Keywords: dagger, Luskus hillfort, Gava culture, Bronze Age, Irmen culture, Western Siberia, South-Eastern Europe.
The Museum of Archeology, Ethnography and Ecology of Siberia of Kemerovo State University keeps a bronze dagger found in 1982 by an employee of the Department of Archeology A.M. Korotaev. According to him, the dagger lay on the Lyuskus hillfort in the cultural layer of the collapsed wall of the excavation in 1978. This monument was opened in 1972 on the high right bank of the Tom River, at the confluence of the Tom River. Luskus. In the first half of the 1970s, the ancient settlement was examined by A.V. Tsirkin, G. A. Maksimenkov, and B. N. Pyatkin, and in 1976-1978 excavations were carried out on the fortified settlement under the author's supervision.

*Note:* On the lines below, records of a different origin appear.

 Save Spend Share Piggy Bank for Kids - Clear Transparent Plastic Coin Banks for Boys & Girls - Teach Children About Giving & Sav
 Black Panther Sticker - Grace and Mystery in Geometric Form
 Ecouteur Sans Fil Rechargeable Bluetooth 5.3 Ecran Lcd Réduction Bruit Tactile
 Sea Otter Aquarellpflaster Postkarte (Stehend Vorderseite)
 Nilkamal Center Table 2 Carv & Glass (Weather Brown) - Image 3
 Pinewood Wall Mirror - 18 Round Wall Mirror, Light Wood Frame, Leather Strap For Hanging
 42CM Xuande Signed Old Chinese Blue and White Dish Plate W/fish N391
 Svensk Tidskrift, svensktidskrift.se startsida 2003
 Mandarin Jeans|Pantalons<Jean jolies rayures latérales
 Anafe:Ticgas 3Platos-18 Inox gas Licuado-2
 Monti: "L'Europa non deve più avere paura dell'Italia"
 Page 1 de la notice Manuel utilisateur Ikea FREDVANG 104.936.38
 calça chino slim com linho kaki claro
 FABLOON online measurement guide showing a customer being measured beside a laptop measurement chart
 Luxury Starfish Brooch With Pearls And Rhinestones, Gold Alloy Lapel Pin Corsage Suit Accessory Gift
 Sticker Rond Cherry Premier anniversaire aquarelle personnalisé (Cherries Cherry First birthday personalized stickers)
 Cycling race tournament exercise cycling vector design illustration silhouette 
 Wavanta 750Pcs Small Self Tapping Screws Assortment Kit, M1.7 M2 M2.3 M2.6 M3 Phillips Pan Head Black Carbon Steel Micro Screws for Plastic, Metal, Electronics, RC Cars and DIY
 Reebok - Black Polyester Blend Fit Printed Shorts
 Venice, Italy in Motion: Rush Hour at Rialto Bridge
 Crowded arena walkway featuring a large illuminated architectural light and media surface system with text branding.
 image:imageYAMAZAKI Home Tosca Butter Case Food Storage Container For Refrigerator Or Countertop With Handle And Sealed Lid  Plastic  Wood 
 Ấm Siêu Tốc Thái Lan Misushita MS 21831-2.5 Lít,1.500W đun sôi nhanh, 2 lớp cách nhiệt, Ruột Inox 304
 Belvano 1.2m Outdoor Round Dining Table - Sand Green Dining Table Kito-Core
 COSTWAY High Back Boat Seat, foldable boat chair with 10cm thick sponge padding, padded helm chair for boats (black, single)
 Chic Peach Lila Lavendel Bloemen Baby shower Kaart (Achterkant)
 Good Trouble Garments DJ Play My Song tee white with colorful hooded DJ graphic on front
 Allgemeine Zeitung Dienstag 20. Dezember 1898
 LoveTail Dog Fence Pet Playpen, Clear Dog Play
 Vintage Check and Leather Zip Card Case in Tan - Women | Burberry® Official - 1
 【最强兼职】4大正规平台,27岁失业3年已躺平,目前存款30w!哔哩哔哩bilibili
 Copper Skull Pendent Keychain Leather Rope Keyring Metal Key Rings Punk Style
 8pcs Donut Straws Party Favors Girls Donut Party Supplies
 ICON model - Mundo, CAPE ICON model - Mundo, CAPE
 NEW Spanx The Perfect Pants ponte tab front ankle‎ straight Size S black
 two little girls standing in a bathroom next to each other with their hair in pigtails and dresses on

There is no doubt that the monument belongs to the Irmen culture: ceramic dishes characteristic of this culture are common on the territory of the object. Few finds from the cultural layer belong to two later historical periods : the Hunno-Sarmatian epoch (Kulai culture) and the Early Middle Ages (Lachinovo culture) (Bobrov, 1979). Among the materials of the ancient settlement dating back to the Late Bronze Age, there are many objects made of non-ferrous metal, which is not typical for the settlement complexes of the Irmen culture, however, as well as other cultures of the Bronze Age in the forest-steppe zone of Western Siberia. The found artifact is undoubtedly associated with the Irma archaeological complex of the settlement, although it is not typical of the developed and Late Bronze Age cultures of Siberia and Central Asia.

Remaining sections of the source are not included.